* **ABOUT THIS TASK**: Beginning at the line with "Toshiba 24WK3C63DB/2 Remote" in the records below, return each line up to and including the last, exactly as it stands, but not the pictures.

____________________

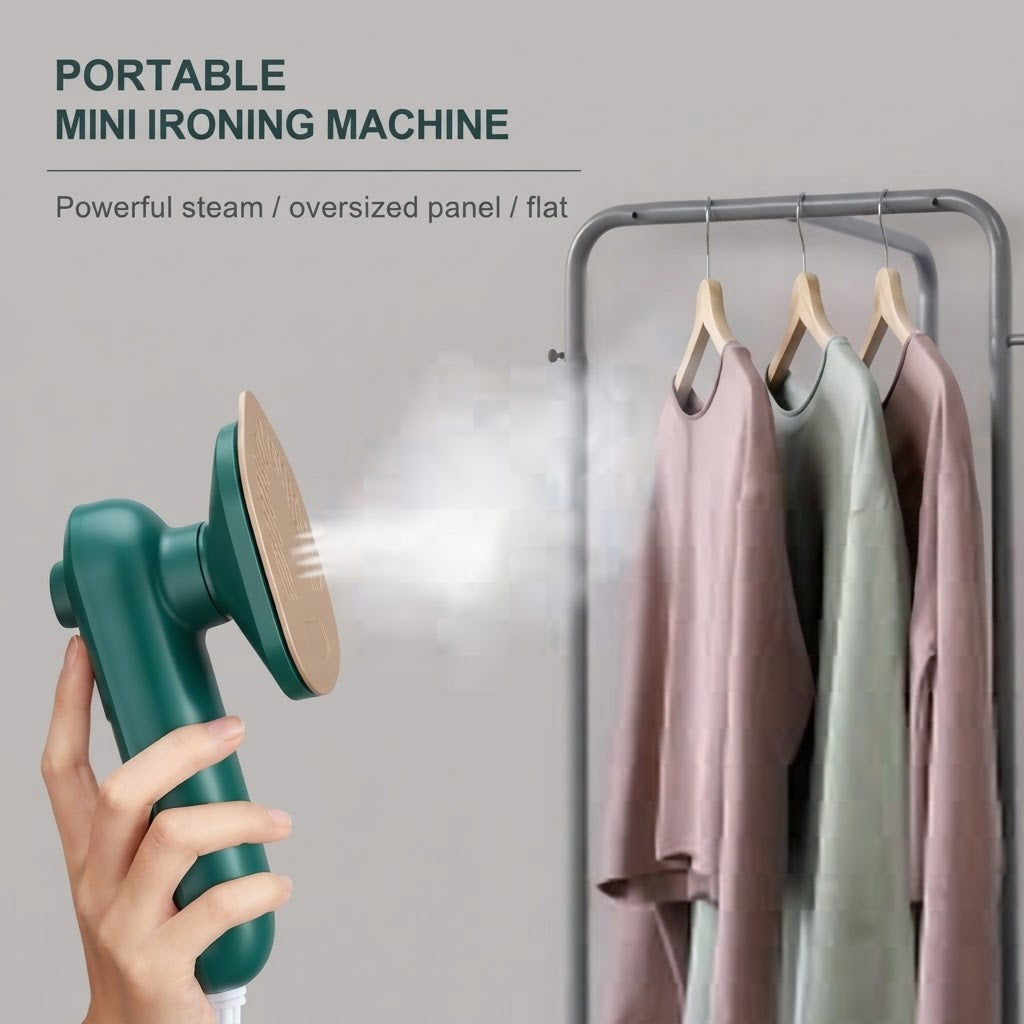 Mini Portable Electric Steam Iron | 1 Months Warranty & Allow to Open Parcel 📦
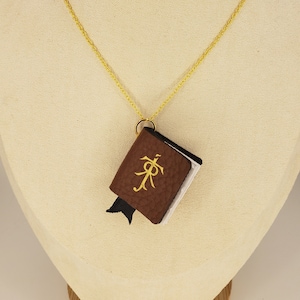 Tolkien Mini Book Pendant Necklace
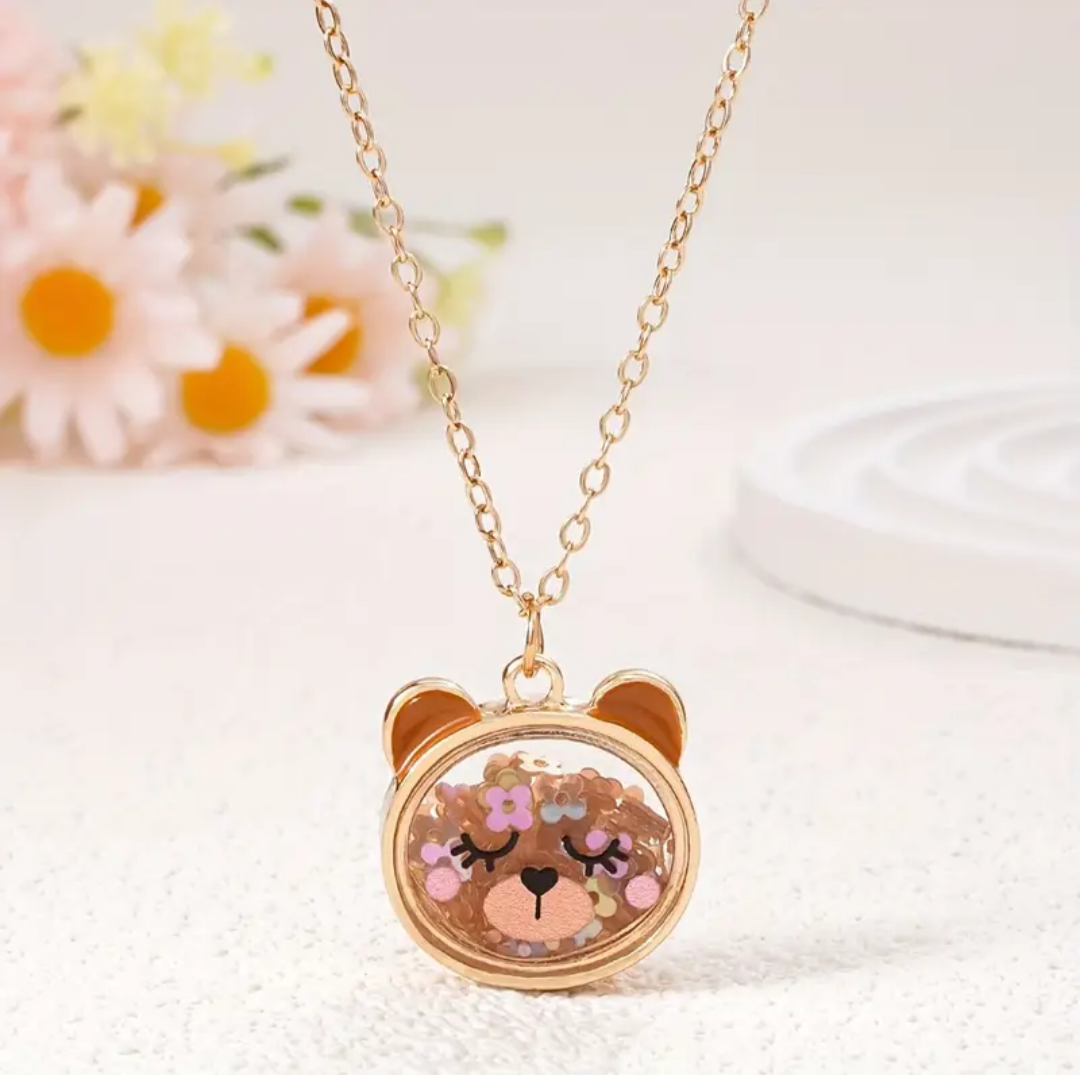 Collier ourson petite fille
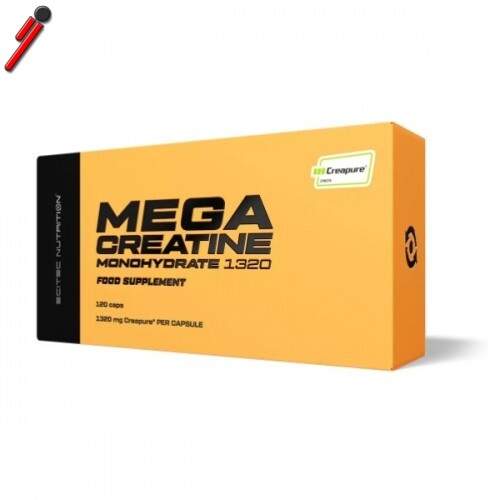 Scitec Nutrition, Mega Creatine Monohydrate, 120 cps Creatina Creapure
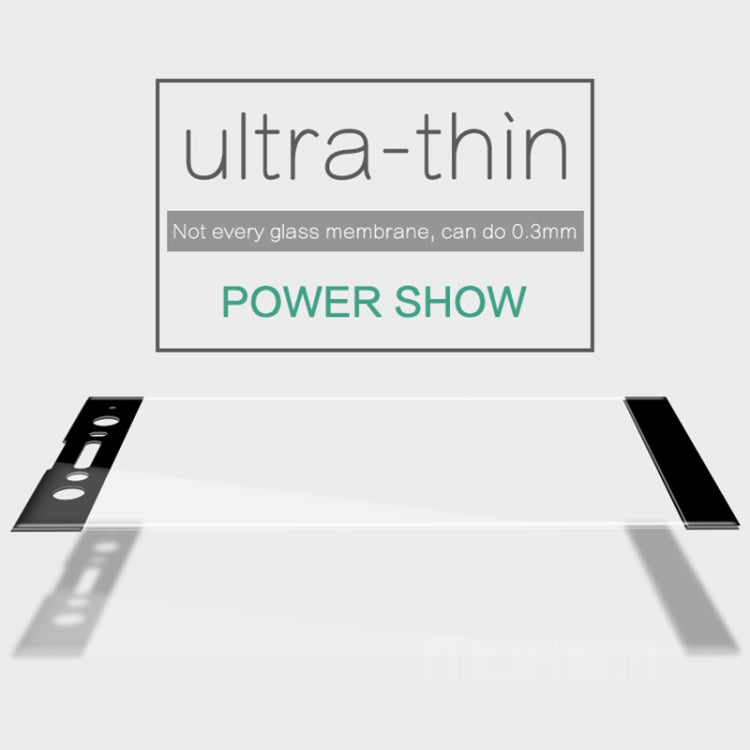 MOFI for Sony Xperia XA2 Ultra 0.3mm 9H Surface Hardness 3D Curved Edge Anti-scratch HD Full Coverage Tempered Glass Screen Protector (Black) - Sony Tempered Glass by MOFI | Online Shopping UK | buy2fix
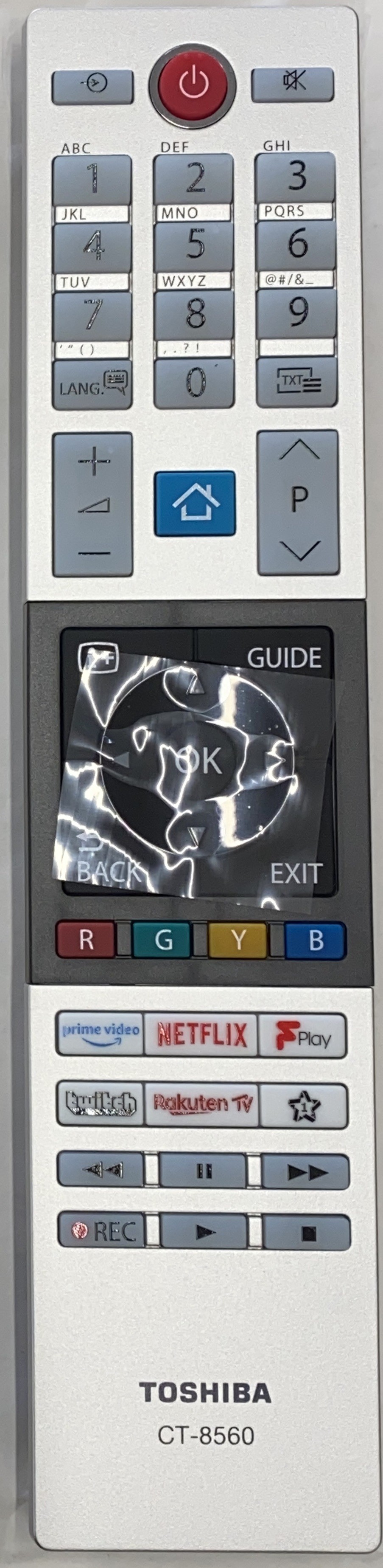 Toshiba 24WK3C63DB/2 Remote Control - Genuine Original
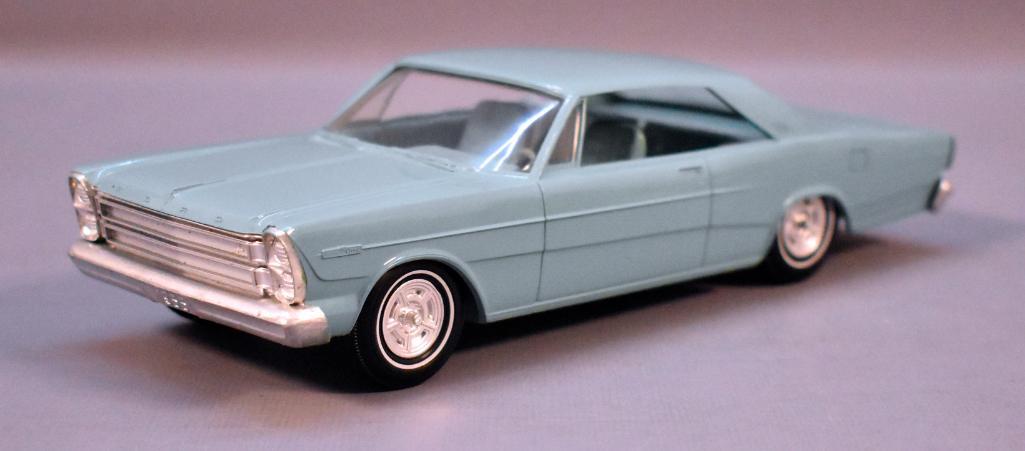 1966 Ford Galaxie 500 hardtop dealer coaster promo car: 1966 Ford Galaxie 500 hardtop dealer coaster promo car, excellent condition as seen in the photos.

____________________

* **RESPONSE TO THE EXERCISE**:
 Toshiba 24WK3C63DB/2 Remote Control - Genuine Original
 1966 Ford Galaxie 500 hardtop dealer coaster promo car: 1966 Ford Galaxie 500 hardtop dealer coaster promo car, excellent condition as seen in the photos.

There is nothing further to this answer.